Assemblywoman Nicole Malliotakis, parents, and community leaders held a press conference today outside of the Brooklyn School of Inquiry, one of only five Gifted and Talented Schools in New York City. They spoke out against the recommendation made by a panel assembled by Mayor de Blasio to eliminate all gifted and talented programs throughout the New York City school system.
The proposal includes doing away with all elementary school gifted programs, screened middle schools and some high schools–with the exception of Stuyvesant High School and the city’s seven other elite high schools, whose admission is in part controlled by Albany. There are Gifted and Talented programs throughout the five boroughs but there are only five such schools; three in Manhattan, one in Queens and one in Brooklyn. Malliotakis believes the city should focus on adding more G & T programs and schools to meet demand, so students who qualify aren’t at the mercy of a lottery system.
78% of kids who qualify for gifted and talented programs are denied because of a lack of seats. Schools are now forced to hold a lottery to decide who gets a seat in the gifted and talented programs. Instead of letting a lottery decide a child’s educational future, the city should be providing a gifted and talented seat for every child who qualifies.

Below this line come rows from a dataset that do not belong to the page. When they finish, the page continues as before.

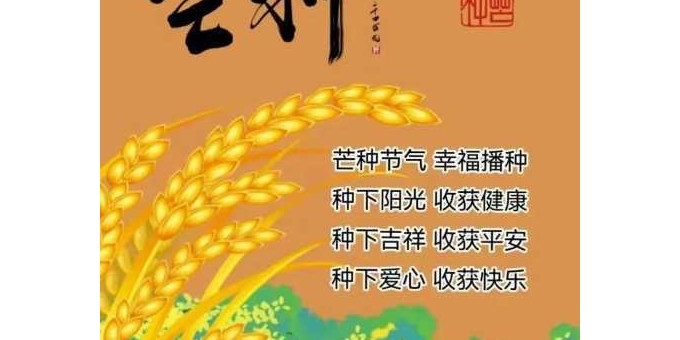 【徐东风散文】风吹麦浪，万物向阳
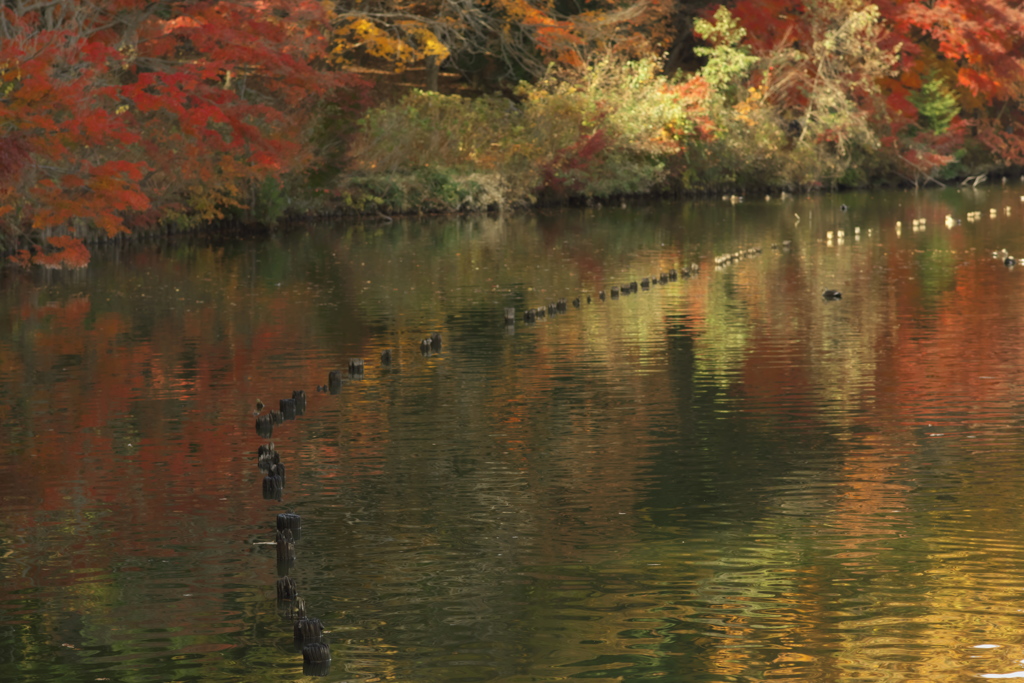 公園の秋
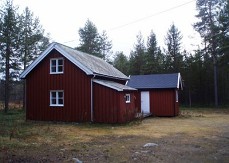 538219462.JPG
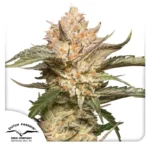 Dutch Passion Auto Trichome & Cream 3er Pack
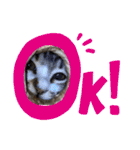 保護猫 ミイナスタンプ（個別スタンプ：6）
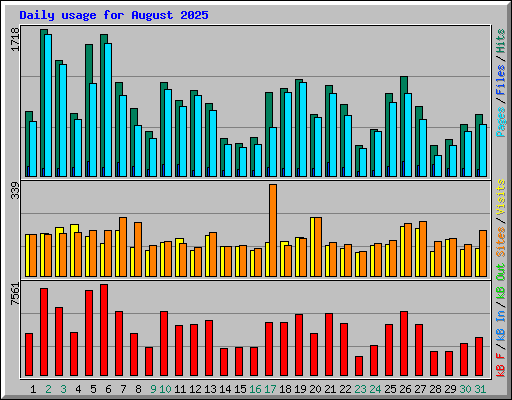 Daily usage for August 2025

“Elected officials across party lines, and representatives of different ethnic groups and racial backgrounds; have said that expanding gifted and talented programs and lifting up children so that they can meet the demands of these programs is the route the city should be taking,” said Malliotakis. “When all of our students, regardless of background, have received an excellent education and are prepared for the real world, then we have achieved true social justice. Reducing standards will not accomplish this. We’ve seen the mayor waste $773 million on the failed school renewal program and waste precious education funding on high-priced consultants, vendors and Department of Education bureaucrats. Instead of giving teachers and students the resources they needed in their classrooms, he gutted school discipline and now he may eliminate gifted and talented programs. Students deserve education funding and investment in test prep, classroom assistance, education resources and supplies so they can rise to meet the standards of talented and gifted programs, instead of being denied the opportunity to succeed because of a lack of seats.
“The actions of Mayor de Blasio and Chancellor Carranza defy logic; they want to shut-down a program that prepares students for the challenges they’ll face in a highly competitive world, that’s wrong; said Malliotakis. “They should work to raise standards throughout the school systems so more students qualify for gifted and talented programs.”
Among those who participated in today’s press conference were David Lee of the Scholastic Merit Fund, Vito LaBella of Community Education Council 20 and I.S. 187 Parent Teacher Organization, Wai Wah Chin of the Chinese Ameican Citizens Alliance of Greater New York and Fran Vella-Marrone of the Djer Heights Civic Association.